Search code examples
amazon-web-servicesamazon-s3aws-sdknodes

(using aws-sdk) How to find total size of a folder stored in amazon s3


I wanted to know the total size of a folder stored in S3 using AWS-SDK.

Note:-

I don't want to use any command or AWS console to find the size of my folder I wanted to do this by aws-sdk and I mentioned it above so please don't mark this as duplicate.

so far what I found on the internet is to list down all the objects of folder and iterate throw it and i do this and it's working fine. here is my code :-

import AWS from 'aws-sdk';

AWS.config.region = "BUCKET_REGION";
AWS.config.credentials = new AWS.CognitoIdentityCredentials({
   IdentityPoolId: "COGNITO_ID",
});
let bucketName = "BUCKET_NAME"
let bucket = new AWS.S3({
                params: {
                    Bucket: bucketName
                }
             });

 bucket.listObjects({Prefix:"FOLDER_NAME",Bucket:"BUCKET_NAME"}, function (err, data) {
        if (err) {
           console.log(err)                        
        } else {
           console.log(data)
           //data returns the array throw which I iterate and find the total size of the object
        }
  });

but what is the problem is that there is a point of time when my folder contains so many objects that it makes it hard to iterate each one of the elements in the list. it takes to much time to just calculate the size of the folder.

so I need a better way to calculate the size of folder and all I found is this command

aws s3 ls s3://myBucket/level1/level2/ --recursive --summarize | awk 'BEGIN{ FS= " "} /Total Size/ {print $3}'

is there any way I can do the above process throw my aws-sdk.

any kind of help is appreciated. thanks in advance


Solution

  • It appears that your situation is:

    • You want to know the size of an Amazon S3 bucket on a regular basis
    • The bucket contains a large number of objects, which takes too much time

    Rather than listing objects and calculating sizes, I would recommend two alternatives:

    Amazon S3 Inventory

    Amazon S3 Inventory can provide a daily CSV file with details of all objects in a bucket. You could then take this data and calculate the total.

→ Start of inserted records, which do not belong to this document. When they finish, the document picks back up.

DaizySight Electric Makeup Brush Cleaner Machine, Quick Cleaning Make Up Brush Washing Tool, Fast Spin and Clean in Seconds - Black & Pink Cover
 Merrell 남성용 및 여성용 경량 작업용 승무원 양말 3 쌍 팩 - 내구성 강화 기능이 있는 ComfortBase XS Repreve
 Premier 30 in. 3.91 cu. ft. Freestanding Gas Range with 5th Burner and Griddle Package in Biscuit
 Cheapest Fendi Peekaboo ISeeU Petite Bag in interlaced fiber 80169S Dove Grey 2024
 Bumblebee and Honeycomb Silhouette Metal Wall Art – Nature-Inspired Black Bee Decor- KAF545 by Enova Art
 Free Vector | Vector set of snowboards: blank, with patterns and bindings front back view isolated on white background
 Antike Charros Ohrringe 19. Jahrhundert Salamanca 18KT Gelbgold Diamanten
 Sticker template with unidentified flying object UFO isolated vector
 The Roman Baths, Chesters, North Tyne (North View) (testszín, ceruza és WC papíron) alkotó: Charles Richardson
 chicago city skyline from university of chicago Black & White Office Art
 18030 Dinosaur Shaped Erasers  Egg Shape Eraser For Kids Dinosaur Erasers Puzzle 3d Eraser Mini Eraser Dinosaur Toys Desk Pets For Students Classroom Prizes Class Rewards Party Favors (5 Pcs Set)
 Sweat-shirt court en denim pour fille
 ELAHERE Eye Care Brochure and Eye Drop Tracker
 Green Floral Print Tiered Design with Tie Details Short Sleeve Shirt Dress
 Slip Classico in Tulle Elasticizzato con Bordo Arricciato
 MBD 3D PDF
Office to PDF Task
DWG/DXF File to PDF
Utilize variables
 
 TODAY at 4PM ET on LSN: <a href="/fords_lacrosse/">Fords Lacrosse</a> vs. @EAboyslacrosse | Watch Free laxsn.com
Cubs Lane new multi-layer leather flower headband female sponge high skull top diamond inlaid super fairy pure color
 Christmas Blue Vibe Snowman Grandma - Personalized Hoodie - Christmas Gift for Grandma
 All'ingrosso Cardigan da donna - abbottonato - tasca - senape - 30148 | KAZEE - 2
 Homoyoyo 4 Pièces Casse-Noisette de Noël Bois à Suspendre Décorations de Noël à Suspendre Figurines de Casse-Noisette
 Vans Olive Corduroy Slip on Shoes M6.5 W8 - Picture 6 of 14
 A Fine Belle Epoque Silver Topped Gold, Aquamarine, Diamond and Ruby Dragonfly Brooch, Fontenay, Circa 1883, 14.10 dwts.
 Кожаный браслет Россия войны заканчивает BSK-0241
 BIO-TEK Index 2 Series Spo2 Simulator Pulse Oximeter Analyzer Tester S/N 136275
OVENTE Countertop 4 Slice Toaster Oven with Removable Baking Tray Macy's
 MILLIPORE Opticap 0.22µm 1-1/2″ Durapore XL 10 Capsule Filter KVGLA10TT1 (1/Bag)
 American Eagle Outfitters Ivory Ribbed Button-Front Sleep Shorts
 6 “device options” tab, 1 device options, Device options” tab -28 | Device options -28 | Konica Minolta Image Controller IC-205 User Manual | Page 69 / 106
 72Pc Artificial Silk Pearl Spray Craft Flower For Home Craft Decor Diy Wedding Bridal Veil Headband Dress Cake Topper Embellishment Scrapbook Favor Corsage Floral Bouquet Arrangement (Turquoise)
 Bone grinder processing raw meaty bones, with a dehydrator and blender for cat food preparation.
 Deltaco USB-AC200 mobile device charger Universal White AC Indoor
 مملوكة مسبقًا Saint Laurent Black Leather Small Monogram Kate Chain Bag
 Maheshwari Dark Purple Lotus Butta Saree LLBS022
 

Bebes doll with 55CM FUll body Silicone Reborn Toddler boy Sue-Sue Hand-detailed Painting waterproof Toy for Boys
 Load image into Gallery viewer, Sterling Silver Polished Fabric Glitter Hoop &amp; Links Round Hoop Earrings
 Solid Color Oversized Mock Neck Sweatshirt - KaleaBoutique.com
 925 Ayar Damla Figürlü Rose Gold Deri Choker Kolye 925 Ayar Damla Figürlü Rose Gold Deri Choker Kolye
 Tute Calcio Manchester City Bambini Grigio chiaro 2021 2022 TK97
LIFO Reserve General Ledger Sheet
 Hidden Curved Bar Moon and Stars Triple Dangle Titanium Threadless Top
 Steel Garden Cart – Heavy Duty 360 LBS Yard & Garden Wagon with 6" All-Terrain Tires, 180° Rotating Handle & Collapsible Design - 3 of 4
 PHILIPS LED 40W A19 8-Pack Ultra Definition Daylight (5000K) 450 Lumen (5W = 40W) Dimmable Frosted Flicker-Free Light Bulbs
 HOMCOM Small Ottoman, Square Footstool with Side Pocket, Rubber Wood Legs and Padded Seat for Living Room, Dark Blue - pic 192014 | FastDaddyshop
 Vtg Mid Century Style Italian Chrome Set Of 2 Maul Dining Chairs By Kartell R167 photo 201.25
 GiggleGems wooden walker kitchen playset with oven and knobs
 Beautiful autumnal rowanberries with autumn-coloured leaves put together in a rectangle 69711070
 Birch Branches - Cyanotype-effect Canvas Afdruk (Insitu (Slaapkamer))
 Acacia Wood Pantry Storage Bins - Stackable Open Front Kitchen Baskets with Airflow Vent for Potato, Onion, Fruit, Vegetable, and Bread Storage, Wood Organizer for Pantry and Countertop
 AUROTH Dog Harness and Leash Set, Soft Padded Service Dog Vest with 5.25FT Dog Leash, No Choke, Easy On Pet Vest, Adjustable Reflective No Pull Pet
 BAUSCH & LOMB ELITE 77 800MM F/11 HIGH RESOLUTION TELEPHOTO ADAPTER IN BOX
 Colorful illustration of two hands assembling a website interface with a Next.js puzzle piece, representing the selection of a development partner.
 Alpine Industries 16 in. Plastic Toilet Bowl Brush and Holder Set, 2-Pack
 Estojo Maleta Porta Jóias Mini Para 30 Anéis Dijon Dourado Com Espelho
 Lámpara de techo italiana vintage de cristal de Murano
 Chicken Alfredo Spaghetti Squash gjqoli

    Amazon CloudWatch bucket metrics

    Amazon CloudWatch has several metrics related to Amazon S3 buckets:

    • BucketSizeBytes
    • NumberOfObjects

    I'm not sure how often those metrics are updated (they are not instant), but BucketSizeBytes seems like it would be ideal for you.

    If all else fails...

    If the above two options do not meet your needs (eg you need to know the metrics "right now"), the remaining option would be to maintain your own database of objects. The database would need to be updated whenever an object is added or removed from the bucket (which can be done by using Amazon S3 Events to trigger an AWS Lambda function). You could then consult your own database to have the information available rather quickly.